La livraison n'est qu'à l'aube de la révolution du dernier kilomètre Les retailers montent leurs propres réseaux de livraison

Géant du Web et distributeur en ligne, il faut évidemment mentionner Amazon, qui aux Etats-Unis serait lui-aussi en train de tester à New York, Los Angeles et San Francisco sa propre flotte de camions de livraison, semblables à ceux qu'il utilise déjà pour son service de courses alimentaires Amazon Fresh. Le leader mondial de l'e-commerce consacrerait sa flotte à livrer les 40 plus grandes agglomérations américaines, déléguerait les 60 suivantes à des transporteurs régionaux et le reste du pays – soit un tiers de la population - à la poste américaine.

Si ce projet n'a pas encore été officialisé, malgré une rumeur abondamment alimentée par diverses sources, la stratégie de livraison d'Amazon en France est en revanche plus claire. Fin avril, l'e-commerçant a acquis 25% de Colis Privé.

D'autres qu'Amazon vont monter leur réseau de livraison

Certes, on peut penser qu'Amazon teste son propre réseau de livraison aux Etats-Unis pour obtenir de meilleures conditions d'UPS et qu'il fait de même en France avec Colis Privé vis-à-vis de la Poste. Mais c'est peu probable. Car l'e-commerçant a beaucoup à gagner en maîtrisant mieux ses coûts de livraison, le service rendu et l'information fournie aux clients. Prestation qu'il pourra d'ailleurs encore rentabiliser en la commercialisant auprès des marchands de sa marketplace clients de son offre de stockage et d'expédition Fulfilment by Amazon / Expédié par Amazon. Un service qui est employé par 65% des vendeurs tiers d'Amazon dans le monde, selon la société.

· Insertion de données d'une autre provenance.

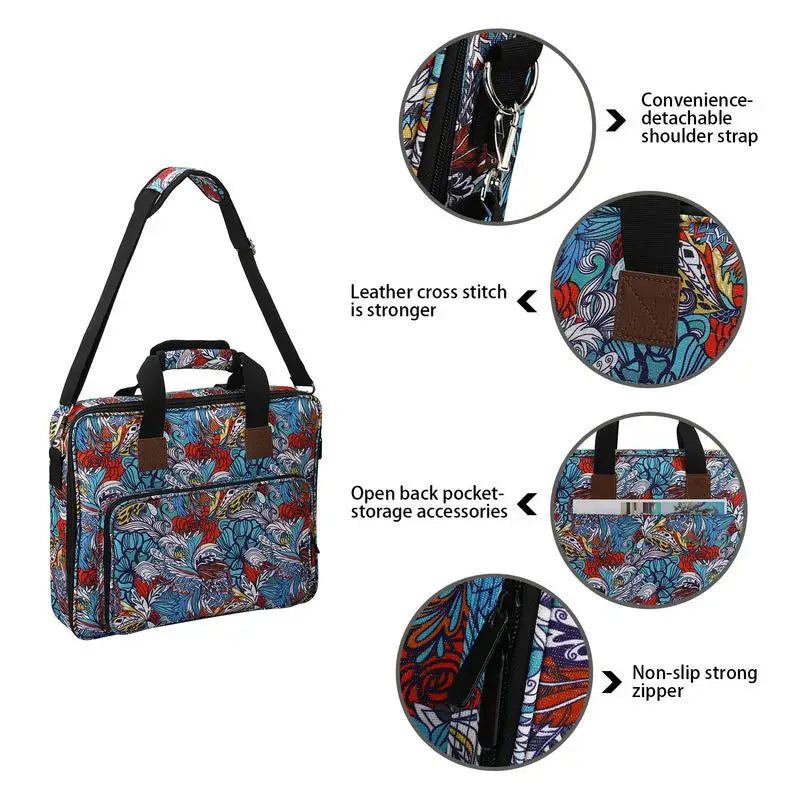 Embroidery Project Carrying Bag Embroidery Supplies Carrying Bag Portable Sewing Kits Embroidery Supplies Storage Bag For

Il y a donc fort à parier que sa prise de participation dans Colis Privé soit un ballon d'essai avant une montée au capital du transporteur.

Plus largement, il faut sans doute s'attendre à ce que d'autres retailers montent leur propre réseau de livraison. C'est le cas aux Etats-Unis, c'est le cas en Asie et c'est à prévoir en Europe, en dépit de la concentration du secteur sur les acteurs historiques, comme le prouvent aussi bien l'investissement d'Amazon dans Colis Privé que le développement du click&collect par de nombreuses enseignes. Notons aussi un projet à l'étude chez Wal-Mart, qui envisage de confier d'ici un ou deux ans la livraison de commandes en ligne à des clients physiques, qui profiteraient de se déplacer en magasin pour récupérer les courses de leurs voisins, en échange d'avantages commerciaux. Autre grand distributeur américain à s'appuyer sur l'économie collaborative pour abaisser ses coûts de livraison, la chaîne de pharmacies Walgreens a pour sa part noué un partenariat avec TaskRabbit.

Alors que la livraison était jusqu'ici l'apanage de réseaux spécialisés, il est probable qu'elle s'intègre partout, chez une multitude d'acteurs, ceux en tous cas qui sauront générer des volumes suffisants pour rentabiliser leur modèle. Il y a 20 ans, il était possible de passer dans la journée chez Nicolas pour acheter le vin de son dîner et se le faire livrer dans l'intervalle. A l'exception des fleuristes et des supermarchés locaux, ce type de services a quasiment disparu aujourd'hui. Les relancer semble à la portée de nombreux magasins, qui séduiraient probablement de nombreux clients. Comme quoi, technologie et innovation ne sont pas les uniques moteurs de cette transformation. Ce passage d'un modèle "à l'américaine" - des courses faites en voiture une fois par semaine pour remplir les placards d'un coup - à un modèle "à la japonaise" - des courses effectuées au jour le jour en fonction du besoin – bénéficiera bien sûr de l'éventail sans cesse élargi des solutions de livraison, en particulier dans les grandes villes et auprès des populations aisées.